Mit Modellierung und Simulation versuchen wir möglichst passgenaue Abbilder des biologischen
Systems Mensch am Computer zu erstellen. Mit Hilfe der Modellierung und Simulation ist es nun heute
möglich, ein besseres Verständnis einzelner Strukturen, aber auch des gesamten Bewegungssystems zu
erlangen. Dabei ist man aber noch lange nicht am Ziel. Zu komplex ist unser Muskelapparat. Um ein
besseres Verständnis über dessen Funktionsweise zu erlangen, werden derzeit einerseits isolierte
Skeletmuskelmodelle entwickelt, die bereits einen tiefen Detail- und Übereinstimmungsgrad mit dem
natürlichen Vorbild vorweisen, und andererseits Gesamt-Menschmodelle entwickelt, die in der Lage
sind, komplexe menschliche Abläufe, wie etwa den menschlichen Gang, zu simulieren.
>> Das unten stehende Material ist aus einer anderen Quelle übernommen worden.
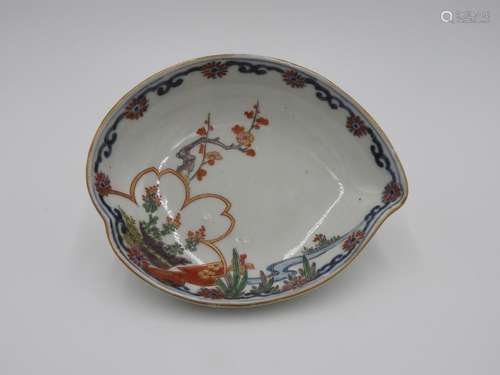 SMALL JAPANESE IMARI 'ABALONE-SHAPED' DISH 18TH / 19...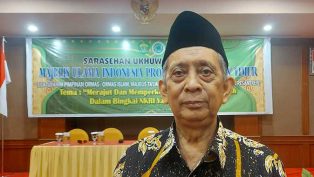 Ketua MUI Kaltim, K.H. Muhammad Rasyid.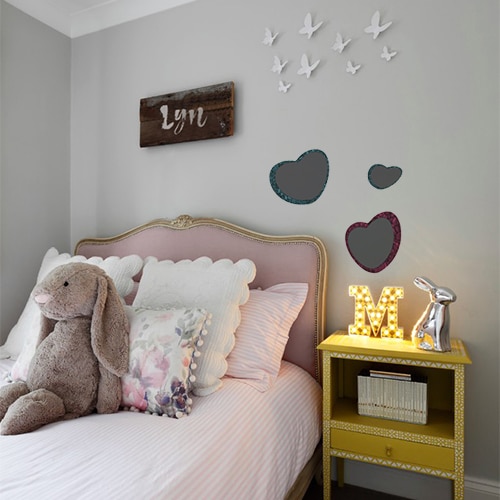 Sticker tableau noir coeurs Stickers autocollants tableau noir coeurs mis en ambiance dans une chambre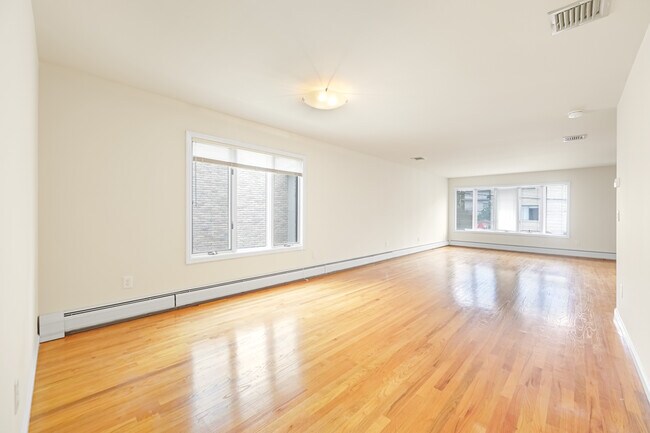 Foto del edificio - 765 West End Ave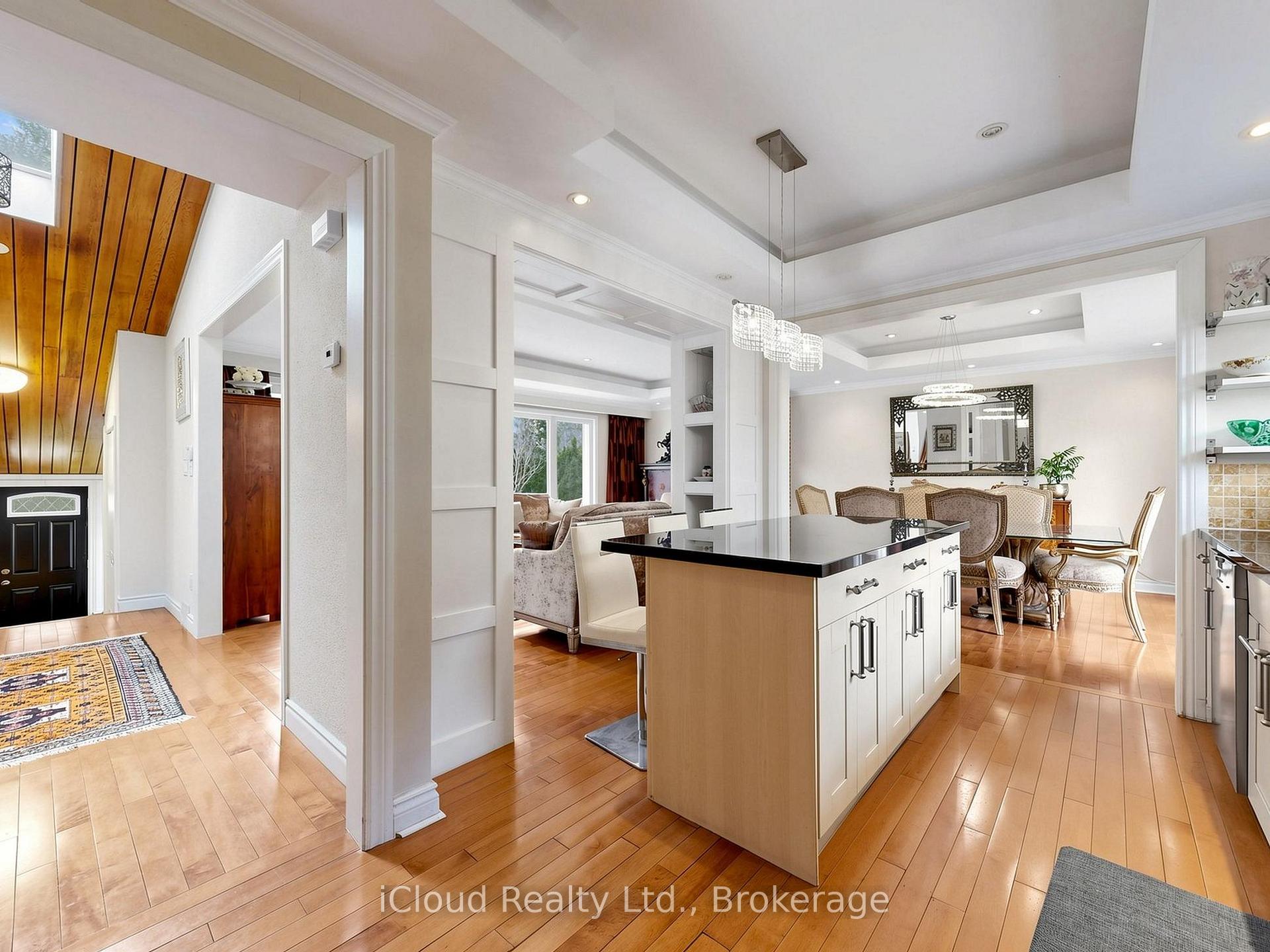 Photo 14 of 164 Munro Boulevard, North York, St. Andrew-Windfields — HOMEH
Um diesen
Simulationen das Laufen zu lernen, erfordert es, wie in der Natur auch, eine lange Phase des
Übens.
Innerhalb von SimTech wird durch interdisziplinäre Zusammenarbeit von Biologen, Mechaniker,
Informatiker, Bewegungswissenschaftler, Mathematiker, Physiker, Regelungstechniker und
Biomechaniker an Fragestellungen rund um den Bewegungsapparat geforscht. Einige Forschungsarbeiten
aus den Anwendungsbereichen Medizintechnik und Automobilergonomie stellen wir davon im Rahmen
dieses Vortrags vor. Außerdem versuchen wir Ihnen einen Einblick zu geben, wie interdisziplinäre
Forschung in diesem Gebiet über die Grundlagenforschung hinausgehen kann und werfen daher auch
einen Blick auf mögliche Nutzbarmachung der Forschung in diesem Bereich.
Die Referenten:
Dr. rer. nat. Dipl.-Phys. Syn Schmitt ist Junior-Professor am Institut für Sport- und
Bewegungswissenschaft der Universität Stuttgart, Abteilung für Modellierung und Simulation im
Sport.
Prof. Oliver Röhrle, leitet die Research Group on Continuum Biomechanics and Mechanobiology am
Institut für Mechanik (Bauwesen) der Universität Stuttgart.
Der Eintritt zur Veranstaltung ist frei.